ACORE will urge White House officials to focus on "strategies that boost domestic manufacturing without interfering with the fundamental economics and cost competitiveness of solar power," ACORE said.

For its part, SolarWorld said the ITC's decision would allow it to ramp up U.S. manufacturing and hire 200 workers by May 2018.

“With relief from surging imports in sight, we believe we can rev up our manufacturing engine and increase our economic impact.” Juergen Stein, CEO and president of SolarWorld Americas, said in a statement.

US utility-scale PV costs fell to $1.03 per watt in Q1 2017

U.S. utility-scale installed solar costs fell by almost 30% between Q1 2016 and Q1 2017, according to a new cost benchmarking study by the National Renewable Energy Laboratory (NREL).

Utility-scale fixed tilt PV costs fell by 29.0% to $1.03 per watt (W) in the first quarter of this year while single axis tracker prices fell by 27.9% to $1.11/W, the report said.

The levelized cost of energy (LCOE) for utility-scale PV installations in Q1 2017 was estimated in the range of $50/MWh-$66/MWh.

"The installed cost of solar power fell to record lows in the first quarter of 2017 because of the continuing decline in photovoltaic (PV) module and inverter prices, higher module efficiency, and lower labor costs," NREL said.

Residential and commercial-scale PV costs fell by a smaller amount, widening the cost gap between smaller projects and larger utility-scale plants. Residential costs fell 6.0% to $2.8/W in Q1 2017, while commercial scale costs fell by 14.7% to $1.85/W.

The U.S. installed 13.7 GW of PV capacity in 2016, of which 10.2 GW was utility-scale.

UK opens first subsidy-free solar farm with energy storage

Solar developer Anesco officially opened September 26 the U.K.'s first subsidy-free solar farm and energy storage facility.

Construction and installation of the 10 MW solar farm and five battery storage units was completed in 12 weeks.

Anesco worked with its suppliers on "every aspect of the project," including its design and technical specifications in order to achieve a subsidy-free project, the company said in a statement.

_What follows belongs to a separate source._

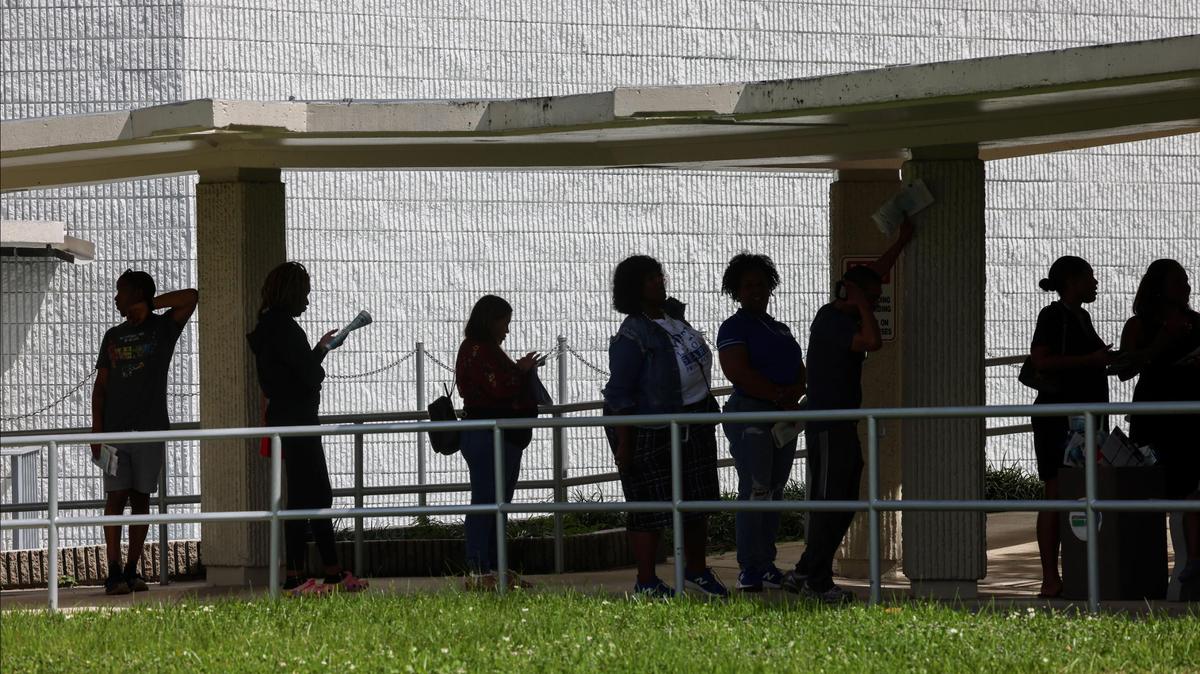 Miami-Dade residents wait up to 50 minutes in line to vote at the Joseph Caleb Center during the ‘Souls to the Polls’ event on the last day of early voting on Sunday, Nov. 3, 2024, in Miami, Florida.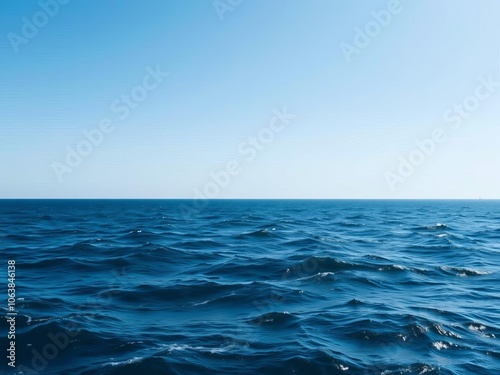Wallpaper Mural A vast expanse of deep blue water stretching to the horizon with gentle waves and a clear sky above, creating a sense of tranquility and freedom, freedom, nature Torontodigital.ca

"By deciding to co-locate the 6 MW battery storage unit and by working closely with our supply chain partners, we have been able to achieve a subsidy-free development,” Anesco said.

China's BYD supplied the solar panels and five battery storage units and Huawei supplied 1,500 Volt inverters, the first deployment of these in Europe, Anesco said.

The Clayhill project "proves that the [UK] Government’s decision to withdraw subsidies doesn’t have to signal the end of solar as a commercially viable technology,” Steve Shine, Anesco’s Executive Chairman, said.

"The cost of solar panels and batteries has fallen dramatically over the past few years, and this first subsidy-free development at Clayhill is a significant moment for clean energy in the UK," Claire Perry, UK Minister for Climate Change & Industry, said at the plant opening.